Special teams play is a mixed bag for the devils. Their powerlpay wasn't very good this year and it's largely due to not having a puck-mover on the back-end until Zidlicky was acquired. Their penalty kill, however, has been one of the best in the league at both preventing shots and goals which could tilt the special teams battle in their favor. Florida's powerplay is also middle-of-the-road and shouldnt' be too much of a problem for the Devils while their penalty kill hasn't performed well at all. Something has to give with the special teams battle but things look favorable for the Devils here.
The strategy for Kevin Dineen this year has been to give the tough assignments to Marcel Goc, Mikael Samuelsson and Sean Bergenheim and free up the easier zone starts for Stepen Weiss, Tomas Fleischmann and Kris Versteeg. All three of the latter forwards are having terrific seasons and are winning their battles. Weiss' is inflated a bit by a high shooting percentage but it's hard to discredit what this line has done. I am far more impressed with Goc's line's work though. They have been taking some very tough draws this season and are still driving the play despite that. Goc and Bergenheim have done this for years but they were never this good.
The issue with Florida is that they don't have much in terms of secondary scoring outside of their top six. The Weiss line have combined for 35.5% of their total goals and they are the only three forwards on the team with more than 20 goals, the next closest being Bergenheim with 17. If the top line hits a wall then the Panthers might struggle to score goals but there are guys on their team who CAN provide some secondary scoring if the top line can't. Bergenheim, Wolski, Samuelsson and possibly Goc could possible pitch in offensively and we've seen Bergenheim do that in years past. These guys are at least getting the puck into the offensive zone a lot, so it's possible that they could step up as scorers in the playoffs.
Florida's bottom-six doesn't have much to write home about and I'm not sure who will be playing, to be honest. I know Smithson, Santorelli, Barch and Skille have been scratched while Madden has been used as the fourth line center. Marco Sturm has also been used on the third and fourth lines and he's also been one of their play-drivers while Tomas Kopecky has been bouncing back and fourh between different lines. The only thing that's been consistent is that Shawn Matthias is centering their third line and he's been slighty outplayed by mediocre competition. I'm not quite sure why Santorelli isn't playing over Madden becasue Madden is clearly getting hammered in his own zone whenever he touches the ice.

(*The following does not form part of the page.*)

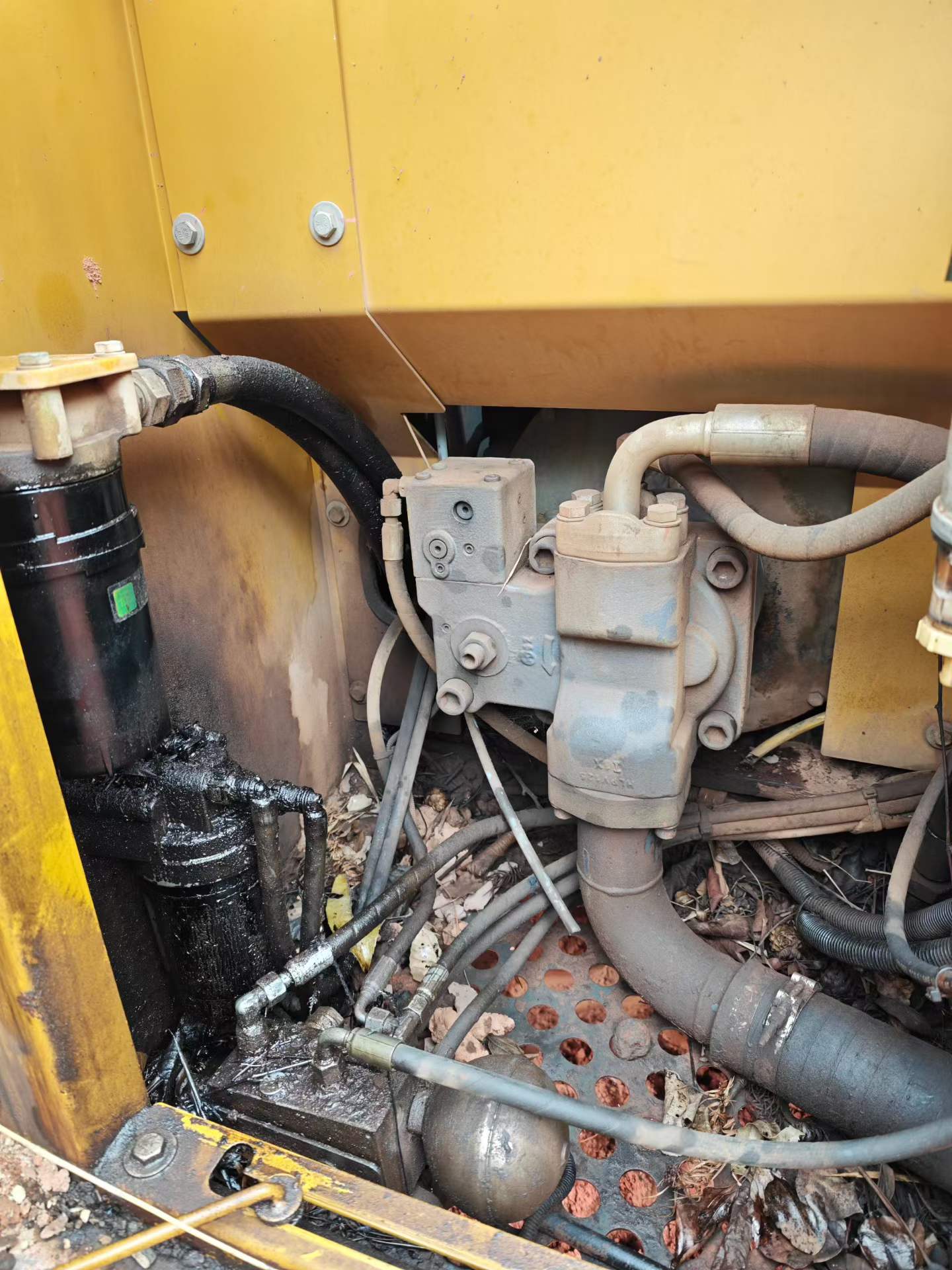 Used XCMG XE135GA Excavator 2018 Model / 4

No matter what the Panthers do with their bottom-six, I think their success in this series is going to come down to Goc and Weiss' lines since that's what has been working for them all season.

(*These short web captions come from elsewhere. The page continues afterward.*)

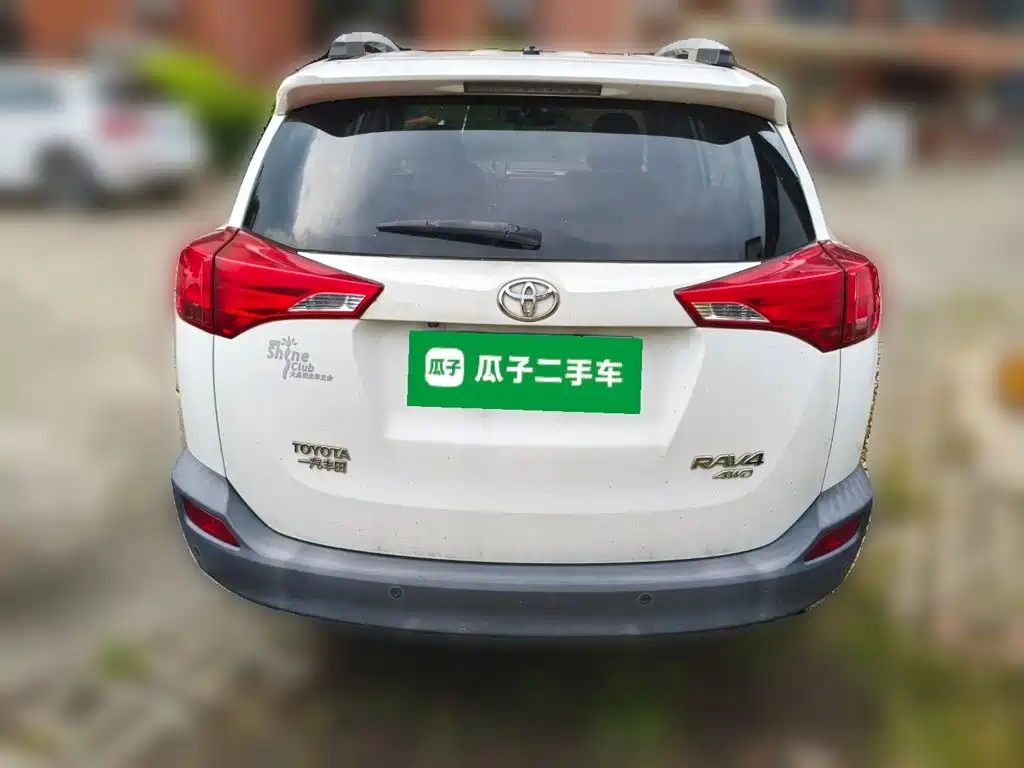 Toyota RAV4 2014 — фото 5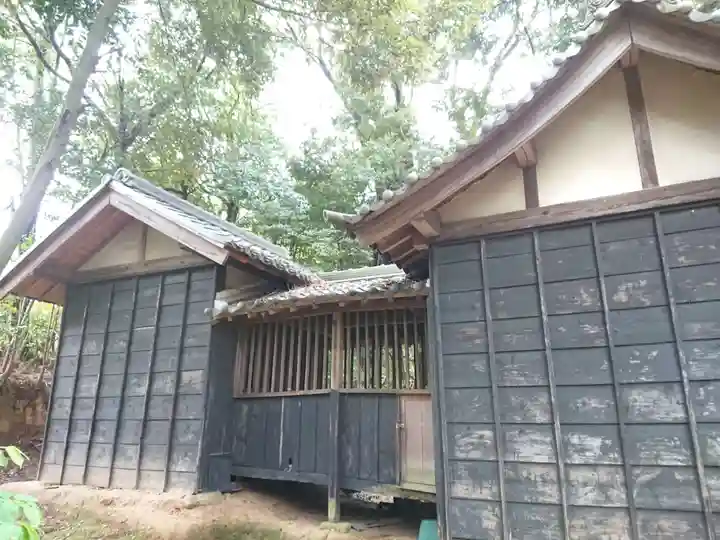 八幡社の本殿・本堂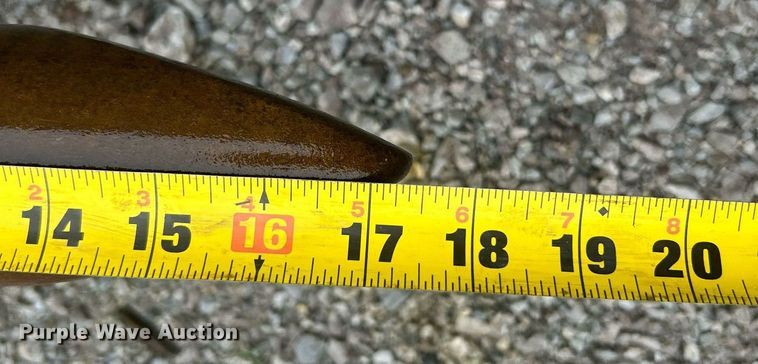 image for item OI9563 NPK PH-3 breaker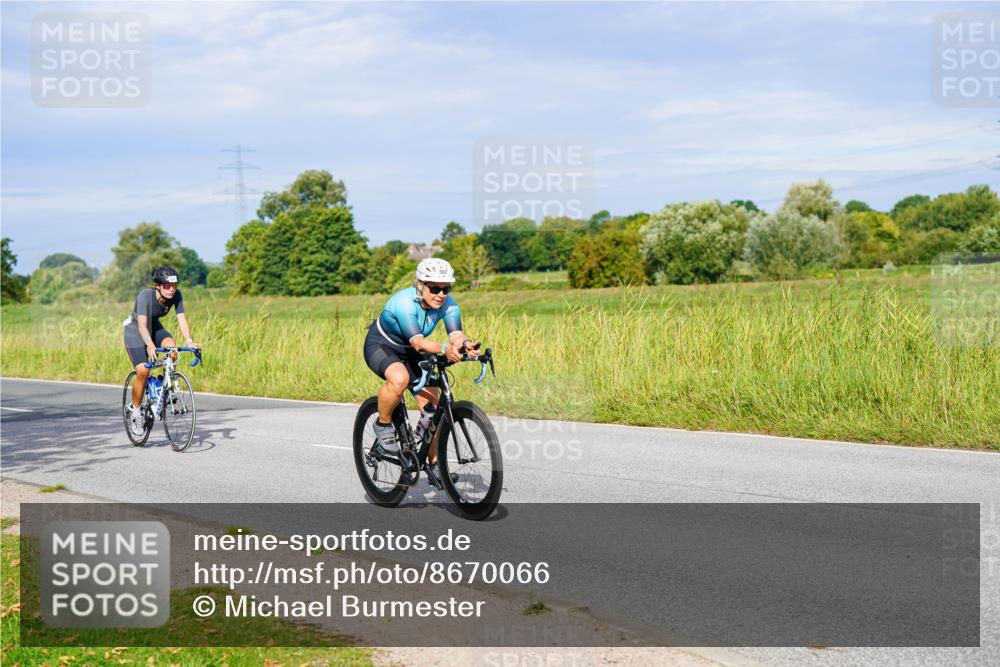 31.08.2025 - Elbe Triathlon Hamburg Michael Burmester http://msf.ph/oto/8670066 31.08.2025 09:57:46 Radfahren 302, 679, 821 meine-sportfotos.de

From the looks of things, Pete DeBoer likes to use Patrik Elias, Petr Sykora and Dainus Zubrus against opposing team's top lines and those three have done a pretty good job at winning their battles. Elias is having a wonderful season and Sykora has been better than anyone ever expected. Speaking of season's that nobody expected, David Clarkson is now a 30 goal scorer, giving the Devils three on the team. He's definitely been very impressive this year as he's also done a solid job of driving possession so this isn't a complete fluke.
The Devils have two very good lines who are doing a terrific job of scoring and dirivng the play, which will definitely go a long way in the playoffs. There is the first line of Kovalchuk, Parise & Zajac who are probably good enough to beat out any matchup Florida throws their way, and Elias' line should be able to handle Stephen Weiss & company. Meanwhile, their third line appears to be very solid at driving the play into their opponent's end as that is Alexei Ponikarovsky's best asset and he should make a solid line with both Henrique and Clarkson.

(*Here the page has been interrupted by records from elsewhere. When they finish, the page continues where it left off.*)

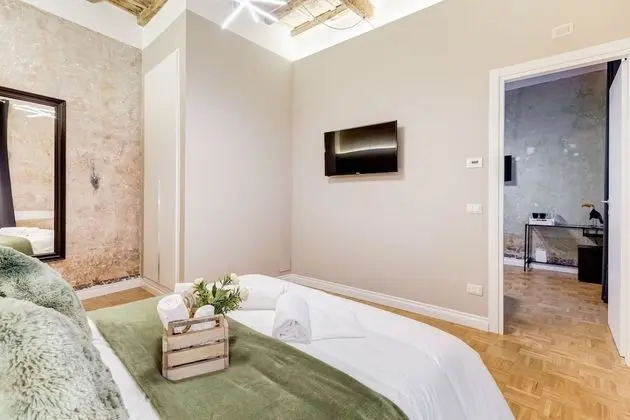 Classic Tek Büyük Yataklı Oda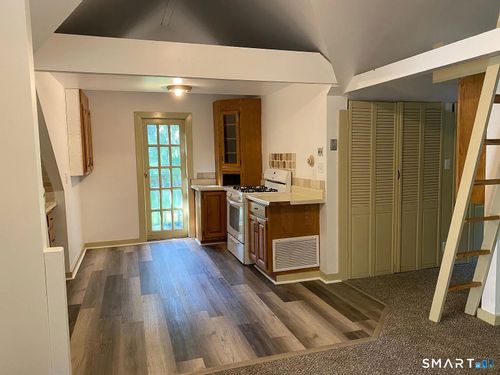 44A Wolfpits Rd, Bethel, CT, 06801-2951 | Card Image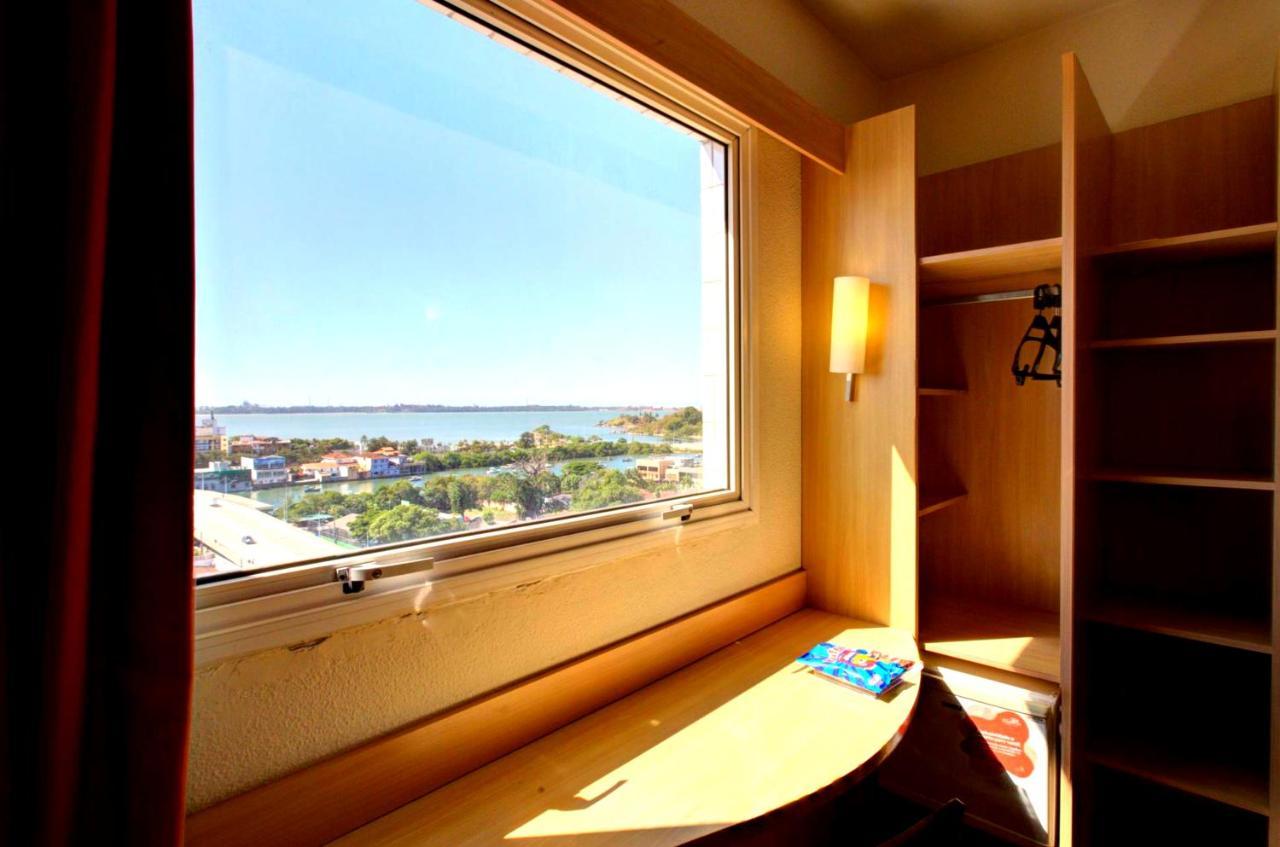 Ibis Vitoria Praia Do Canto Екстер'єр фото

The fourth line is probably the Devils' biggest weakness, especially now with Jacob Josefson out, but I think DeBoer is smart enough to make sure not to play either Cam Janssen or Eric Boulton in a playoff game. Stil, I don't see this line getting a lot of minutes no matter who plays on it. Neither Ryan Carter or Steve Bernier are very good and this line is going to get even fewer minutes if Boulton has to play. I wouldn't be surprised to see DeBoer roll three lines for most of the playoffs if this is the case.
Campbell and Garrison mostly play against second line competition & get a ton of offensive zone starts but they are dominating with those minutes. They also log a ton of minutes per night and have provided Florida with a lot of offense from the blue line. Garrison has 16 goals and Campbell is fourth on the team with 53 points. Campbell and Garrison also give the Panthers a threat on the powerplay as that's where Campbell normally works best and it helps to have a couple of good forwards up front, too.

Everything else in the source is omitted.